Pain, ageing and dementia: the crisis is looming, but are we ready?
Pain in older people, and particularly for those people with
dementia, is an underrecognised and undertreated problem of growing
magnitude. Occupational therapists, although well positioned with a
range of skills and resources to help older people with pain and their
caregivers, must first become educated about the issues of pain
assessment and management for this unique population. Despite the fact
that pain is a pervasive symptom of many occupational therapy clients,
the occupational therapy educational curricula and professional
literature fail to alert therapists to the urgent need for research and
guideline development in this rapidly expanding practice area.
Key words: Pain, older people, dementia.
(Powers and duties)
Dementia (Care and treatment)
Aged (Care and treatment)
Pain (Care and treatment)
Pain (Forecasts and trends)
|Publication:||Name: British Journal of Occupational Therapy Publisher: College of Occupational Therapists Ltd. Audience: Academic Format: Magazine/Journal Subject: Health Copyright: COPYRIGHT 2009 College of Occupational Therapists Ltd.

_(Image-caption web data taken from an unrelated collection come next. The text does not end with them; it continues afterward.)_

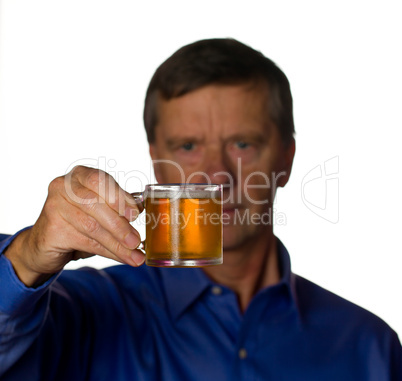 Senior man with glass of beer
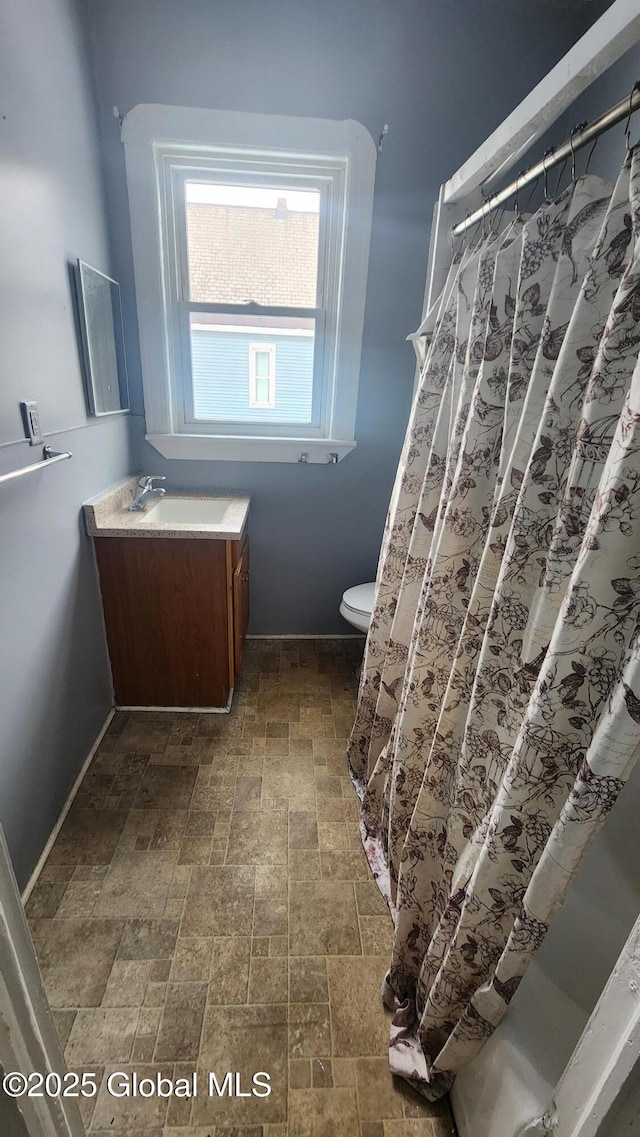 bathroom featuring toilet, vanity, and curtained shower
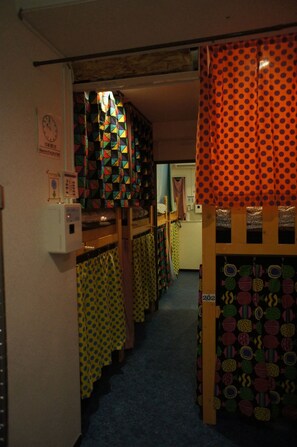 A narrow hallway with bunk beds and colorful curtains. - Hostel BASE POINT Osaka (Osaka)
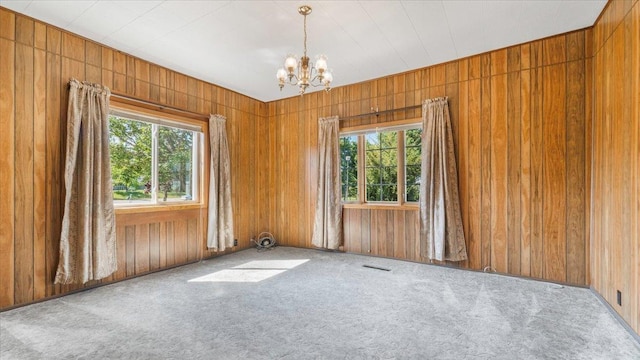 carpeted empty room featuring an inviting chandelier and wooden walls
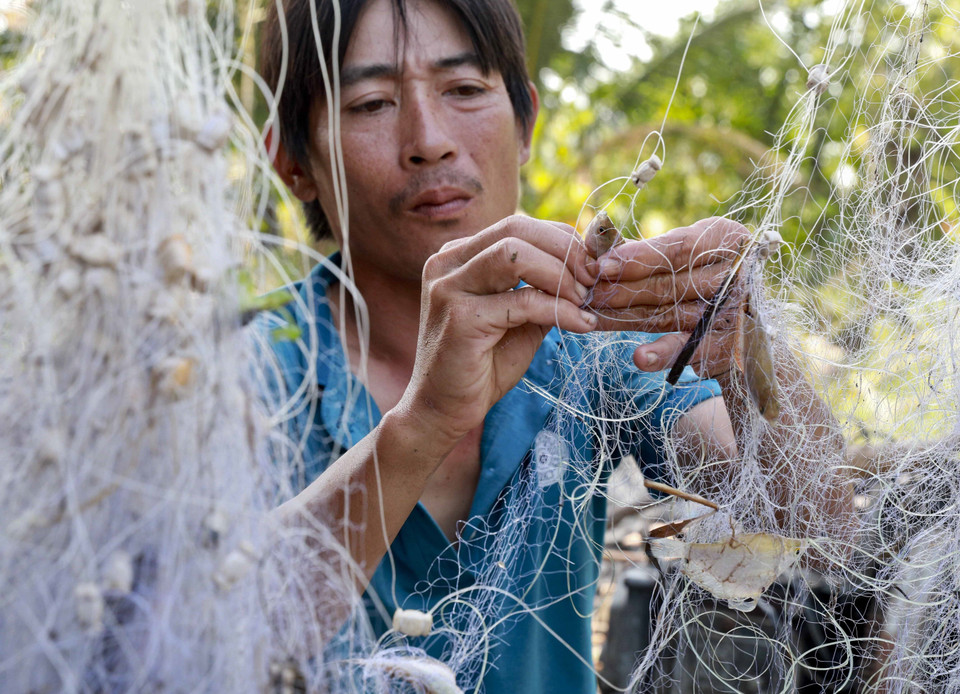 Người dân Hậu Giang giăng lưới bắt cá trên ruộng mùa nước nổi. (Ảnh: Duy Khương/TTXVN)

ISSN: 0308-0226|
|Issue:||Date: August, 2009 Source Volume: 72 Source Issue: 8|
|Topic:||Event Code: 010 Forecasts, trends, outlooks Computer Subject: Market trend/market analysis|
|Geographic:||Geographic Scope: United States Geographic Code: 1USA United States|
The International Society for the Study of Pain (IASP) (http://www.iasppain.org/) identified Pain in Older Persons as its theme for the annual Global Year against Pain awareness campaign in 2006-2007 (IASP et al 2006). It did this because pain is a significant and underreported problem for older people, and particularly for those with Alzheimer's disease and other dementia (Proctor and Hirdes 2001).
Globally, the population is ageing and it is predicted that by 2050, 36% of the population in most developed countries will be over the age of 65 years (US Census Bureau 2007). Not only are people living longer, but they also experience multiple chronic illnesses in their later years. Many of these conditions have enduring pain as a symptom. It has been estimated that 25% of men and 28% of women over the age of 65 years experience chronic pain. Many of these older adults report both pain in multiple sites and a consequent overall lose of function (Jones and Macfarlane 2005).

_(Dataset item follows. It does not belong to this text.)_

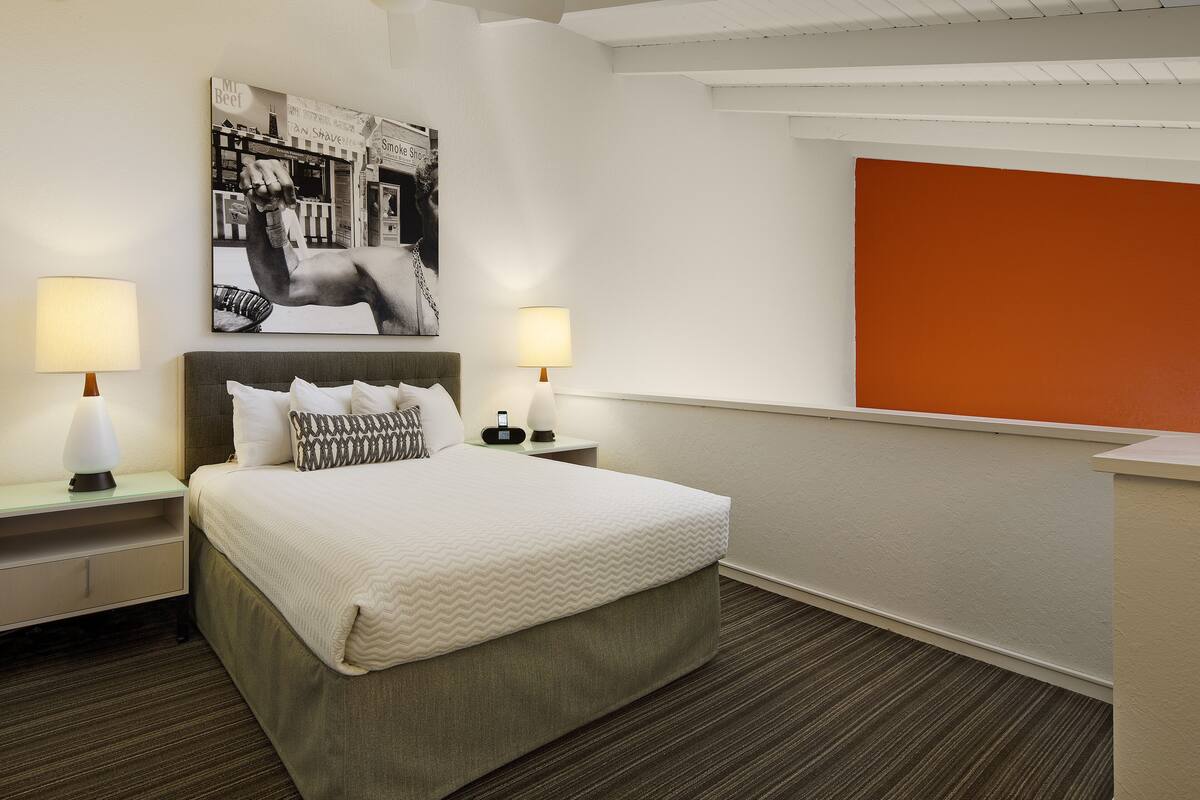 Ein Hotelzimmer mit einem Bett, zwei Nachttischen, einem Wandbild und einer leuchtend orangefarbenen Wand.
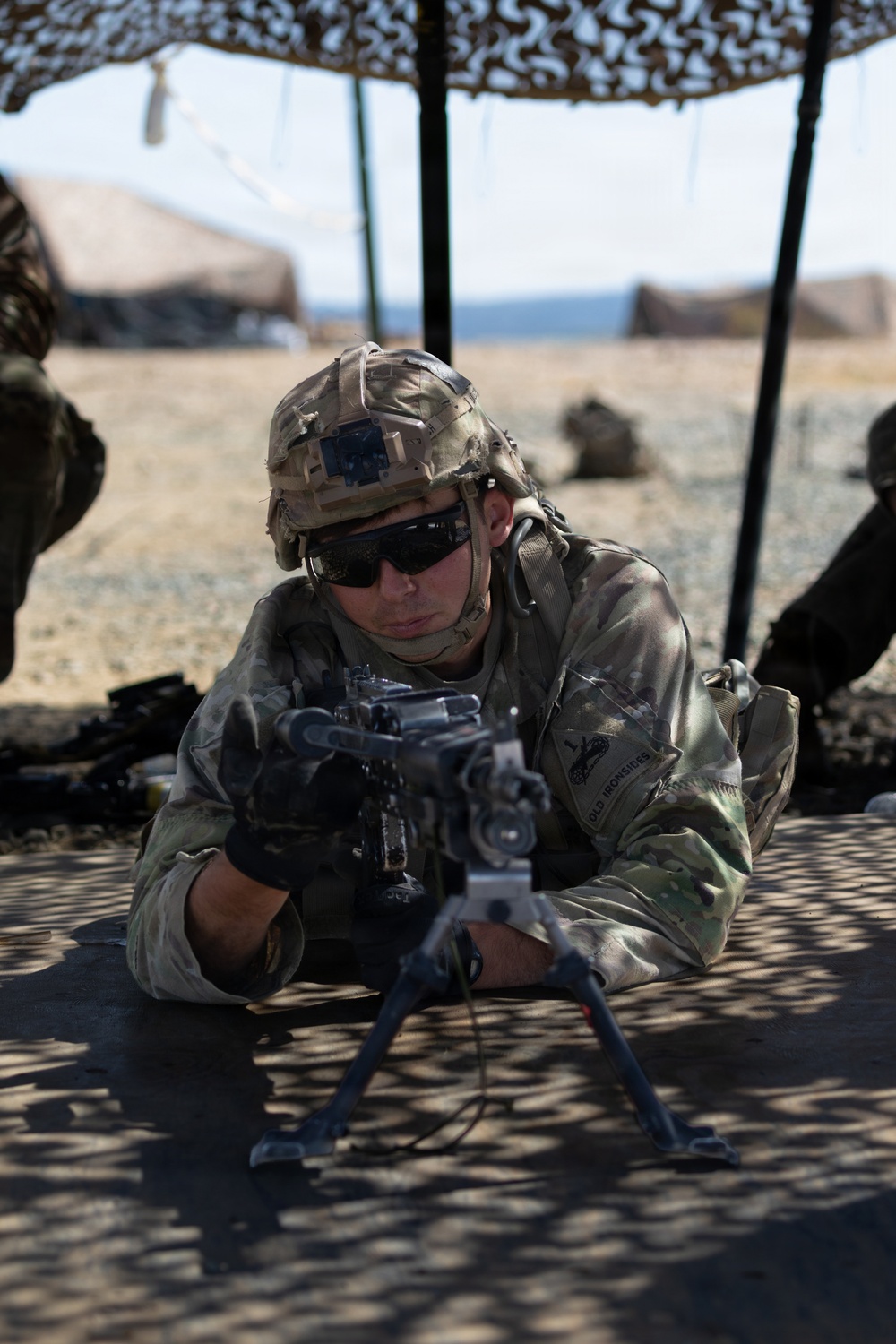 A U.S. Army soldier in full combat gear is lying in a prone position behind a bipod-mounted weapon system under a camouflage netting canopy. The soldier is wearing Operational Camouflage Pattern (OCP) uniform with a patch reading 'OLD IRONSIDES' (1st Armored Division) visible on the right sleeve. The setting appears to be a desert training environment.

Coupling this level of pain and functional incapacity with the rising incidence of Alzheimer's disease and dementia, significant health care and disease management implications can be seen. When Alzheimer's disease occurs as a comorbid diagnosis, chronic and enduring painful conditions (such as arthritis and diabetic neuropathy) can be neglected as the individual loses the ability to communicate his or her pain and physical suffering. Consequently, people with dementia are at an even higher risk of underdiagnosis and mismanagement (Shega et al 2007, Brown, in press). As people with dementia gradually lose their ability to communicate, pain is often expressed through behaviours and vocalisations that are unexpected and difficult to interpret. Rocking, crying out, physical withdrawal and aggression are all cited in the literature as possible expressions of pain that are easily misinterpreted, dismissed as part of the process of dementia and /or go untreated by stressed family members and busy health care staff (Hadjistavropoulos 2005, Shega et al 2007).

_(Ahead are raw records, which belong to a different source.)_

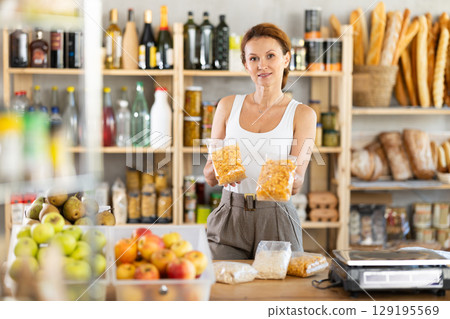 Adult woman seller offering corn flakes in grocery 129195569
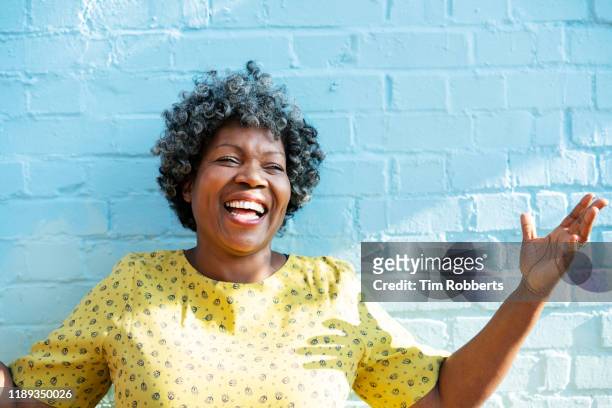 happy woman laughing with arms up - cheeky expression stock-fotos und bilder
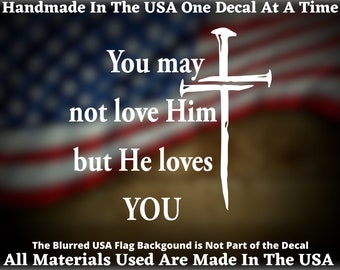 May include: White vinyl decal with a cross made of nails and the text "You may not love Him but He loves YOU". The decal is on a blurred background of an American flag.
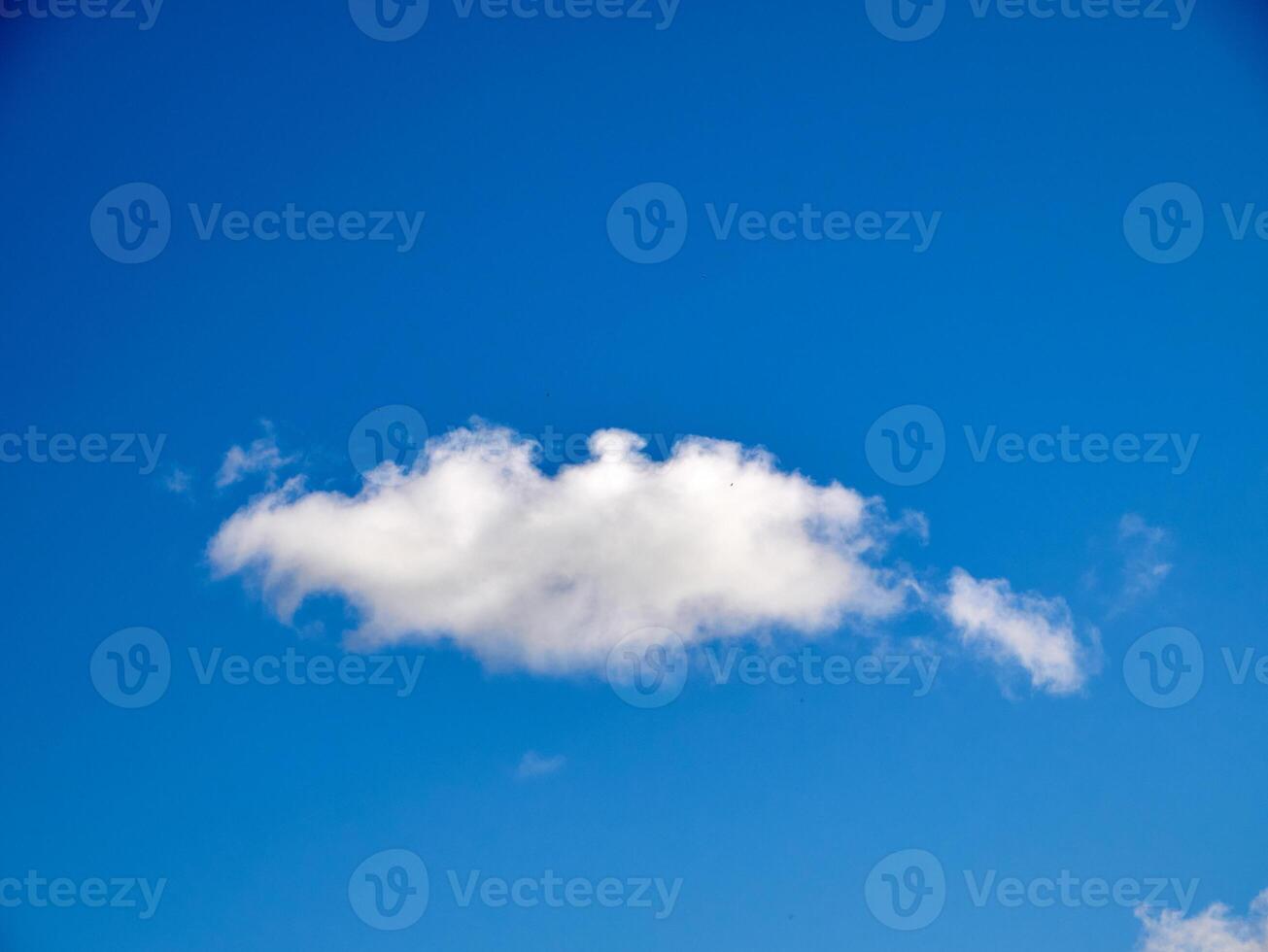 Cumulus clouds in the sky. Fluffy cloud shapes photo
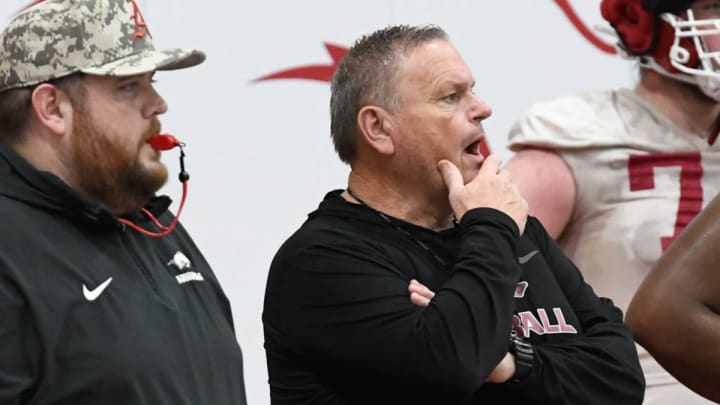 Arkansas coach Sam Pittman and offensive line coach Eric Mateos observe an April spring practice. CREDIT: Andy Hodges/allHOGS Media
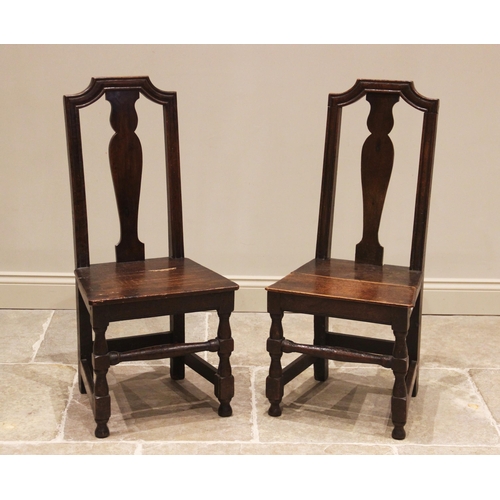 718 - A near pair of oak side chairs, late 17th/early 18th century, each with a vase shaped splat above a ... 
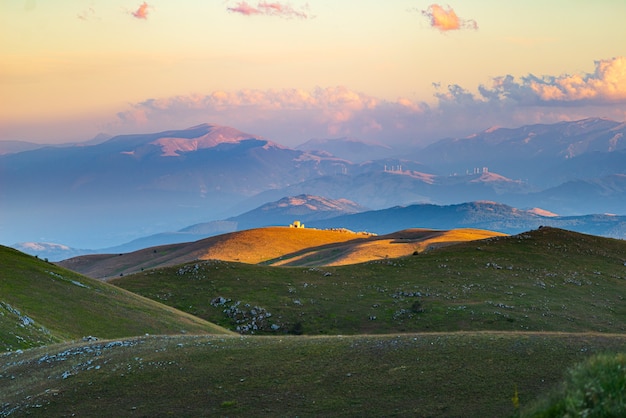 Castle ruins and small chapel at Rocca Calascio italian travel destination, landmark in the Gran Sasso National Park, Abruzzo, Italy. Sunset view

Beyond the ethical issues of unnecessary suffering, there are functional implications of unrelieved pain and pain is estimated to be a leading contributor to disability (Shega et al 2007). Persistent pain can lead to decreased ambulation, mood and sleep disturbances, impaired appetite and exacerbation of cognitive dysfunction. This increases the burden of care for family members and continuing care staff. Some research identifies pain as contributing to the incidence of falling in older people (Blyth et al 2007). Arinzon et al (2007) found that pain associated with hip fractures increased length of stay in tertiary care hospitals. Studies show that cognitive status seems to influence the treatment received for similar conditions. For example, in comparison to cognitively intact patients with hip fractures, patients with dementia received significantly fewer opioid analgesics. This occurred despite clear evidence demonstrating that the increased postoperative agitation and confusion was likely to be attributable to unrelieved pain (Manfredi et al 2003).
Diagnosis and management
Pain diagnosis and management for people with dementia is a complex task. Recent research demonstrates that the effective identification of pain in people with dementia requires standardised observational assessment tools in addition to the usual practice of relying on pain self-report and verbal assessment scales. These observational tools guide the evaluator in attending to unexpected behaviours and changes in the person with dementia (Herr et al 2006, Zwakhalen et al 2006).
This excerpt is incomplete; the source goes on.